The farmer's son owed his rise to a coincidence: as a little boy he was discovered by the Electress Maria Anna in a procession and taken in as a foster son. Elector Maximilian I subsequently enabled him to train as a painter, which he a. a. led to Italy. From 1644 court painter and drawing teacher of the later Elector Ferdinand Maria . He later received a house in Theatinerstrasse as a gift from him, the successor building of which later housed the famous Feldherrnhalle café. Prugger mainly painted portraits of the ruling family, altarpieces and miniature portraits. Long respected, he got into financial difficulties at the end of his life and was soon forgotten after his death.

Works by Prugger can be found today in the Munich Pinakothek , the Bavarian National Museum , Schleissheim Palace , the Residenz and Munich's St. Peter's Church .

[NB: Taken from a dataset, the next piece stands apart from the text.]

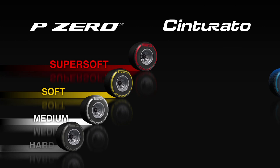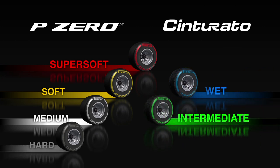These are the six compounds designed by Pirelli for the 2012 Championship, ensuring the right compromise between performance and safety.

The city of Munich named Nikolaus-Prugger-Weg in Trudering after him.

family

He was married twice. His first wife Anna died in 1662 and he had seven daughters with her. His second wife was Maria Rosina , no further information is known about her. About his daughter Maria Theresia (* 1657, † 1719 in Sulzbach), a miniature painter who had married Hans Georg Asam in 1680 , Prugger was the grandfather of the Asam brothers , Anna Maria married the sculptor Franz Ableitner (1652–1728), a son in 1696 by the court sculptor Balthasar Ableithner , Klara married the painter Kaspar Gottfried Stuber (1651–1724) in 1674, the painter Nikolaus Gottfried Stuber was his grandson.